José Mojica Marins as Coffin Joe in At Midnight I'll Take Your Soul (1964)
"What is life? It is the beginning of death.
What is death? It is the end of life.
What is existence? It is the continuity of blood.
What is blood? It is the reason to exist."

​— José Mojica Marins as Coffin Joe in At Midnight I'll Take Your Soul (1964)

I bet you've heard of Jason Voorhees, Freddy Krueger, Michael Myers, Leatherface, and Ghostface. Pinhead, Hannibal Lecter, the Wolfman, Frankenstein's monster, Dracula, the Creature (from the Black Lagoon)—I could keep going for a while, but you get it. These are all iconic villains from horror films, and I'd be surprised if you haven't heard of every single one of them.

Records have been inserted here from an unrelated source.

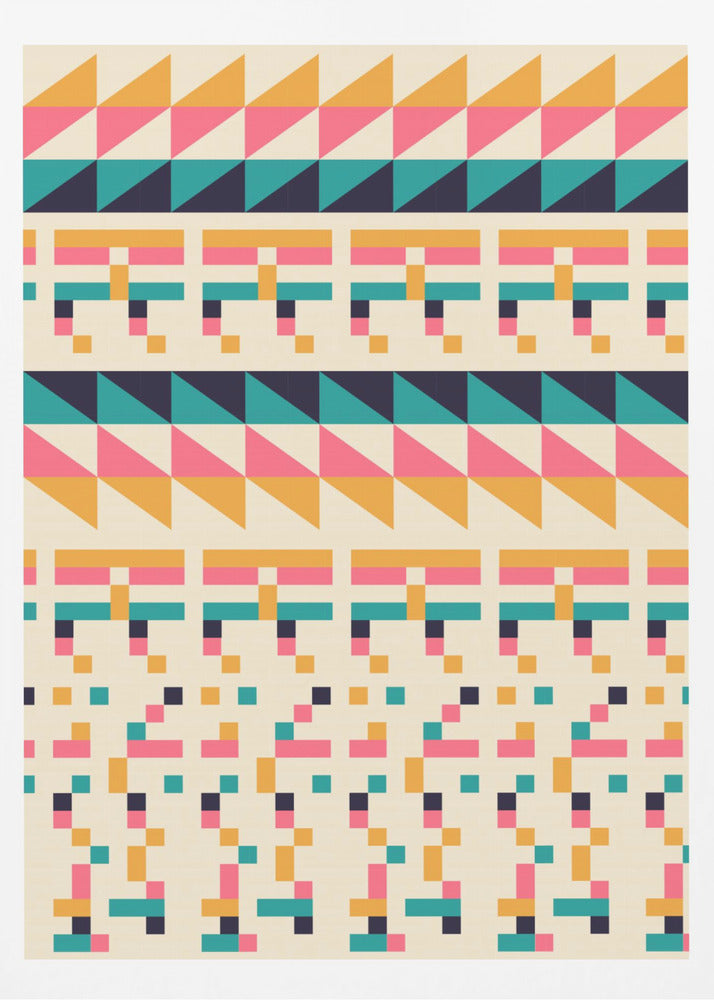 Pattern Nº1 | Poster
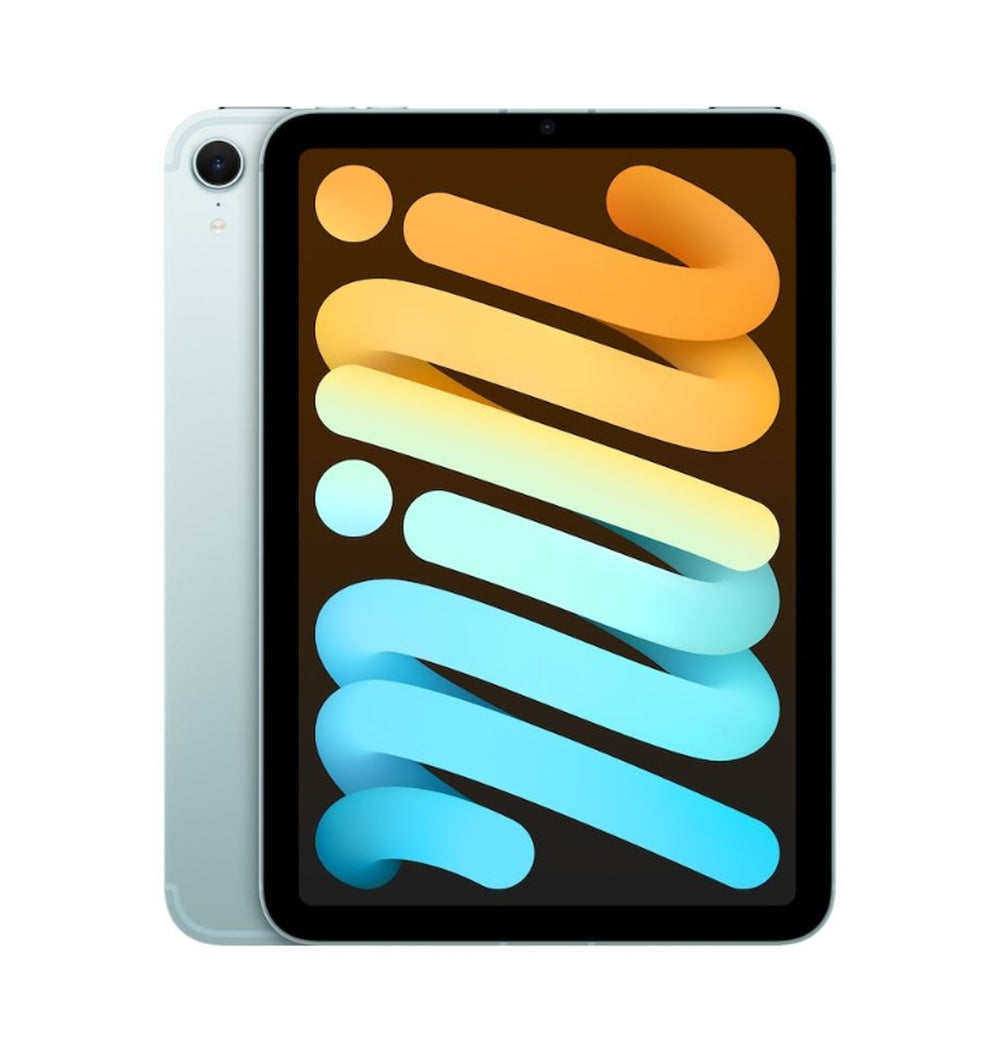 Таблет Apple iPad mini (A17 Pro) Cellular 256GB, Blue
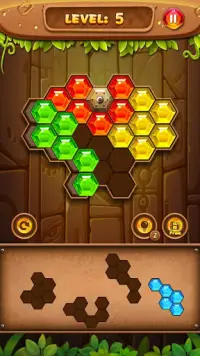 Block Puzzle - Hexa Block Puzzle Games Screen Shot 2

But have you ever heard of Coffin Joe? He's a horror movie villain, unlike the others I mentioned above. If you're not from Brazil, the chances of you knowing Coffin Joe are slim, even though he starred in numerous films and made appearances in many other media for nearly half a century.

Who Is Coffin Joe?

Years before Night of the Living Dead, over a decade before the Golden Age of slashers began to take off, a Brazilian filmmaker named José Mojica Marins invented the character of Coffin Joe for a 1964 film titled At Midnight I'll Take Your Soul—the first ever Brazilian-produced horror film. Before horror superstars like Freddy or Chucky were even conceived, José Mojica Marins created Coffin Joe and made such controversial and shocking films at the time that a few were banned in his own country.

The low-budget, on-screen kills put some modern movies to shame and make those one-liner quips certain horror villains use seem like an after-school special. The character Marins created for it, Coffin Joe, might superficially resemble what many of us picture for Jack the Ripper—based on Coffin Joe's choice of clothing.

Coffin Joe. A man with a full beard, dressed in all black, with a cape and a top hat.
A well-dressed monster.

But using his appearance as a guide, we'd end up in the wrong place. It's difficult to capture the essence of Coffin Joe in a simple description because he's not a typical horror villain. He doesn't wear a mask, isn't from another dimension, doesn't have supernatural powers; he's not inspired by nor derived from myth or legend. So, what makes him so villainous?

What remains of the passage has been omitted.